At the UNESCO meeting held in Suzhou on the 2nd of July 2004, the Imperial City of Shenyang was listed as a World Cultural Heritage Site, so that now it is recorded together with the Forbidden City of Beijing as one single item: Imperial Palaces of the Ming and Qing Dynasties, Ming Qing gongdian 明清宮殿. Nevertheless, the importance of Shenyang Palace is not at all due to its similarity to the one in Beijing. The part of the Shenyang Imperial City built before the Manchu conquest of Beijing in 1644 mirrors the culture of the Manchu people and the institutions of its rulers in its architectural style. The part built during Qianlong’s reign, on the other hand, is evidence of the devotion of Later Qing emperors (from Kangxi to Daoguang) towards their ancestors and their Manchu origins. At the same time, the palace also reflects the sinicization of the Manchus and the merging of the two different cultures and institutional systems, both in some of its buildings and in its whole. These two aspects clearly distinguish the Palace from the Forbidden City and confer it with immense historical and cultural value.

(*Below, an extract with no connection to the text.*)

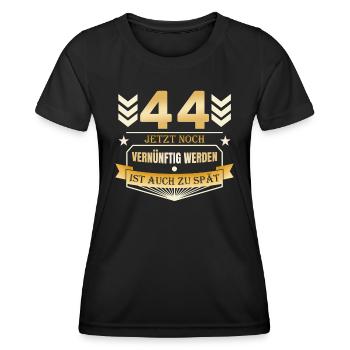 44. Geburtstag - Frauen Funktions-T-Shirt - Schwarz - Vorne - AI Model Female 172 light (172cm)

It is, therefore, from these points of view that I will deal with Shenyang Imperial City in this paper, whose purpose is to demonstrate how the palace is a symbol of the origins and the history of China’s last dynasty.
The most ancient sources I will base my work on are Qing shilu 清實錄 (I will mainly refer to the sections regarding the Qing emperors from Nurhaci to Qianlong) and Manwen laodang 滿文老檔, which is a source of the utmost importance for the study of Qing history before the conquest of Beijing.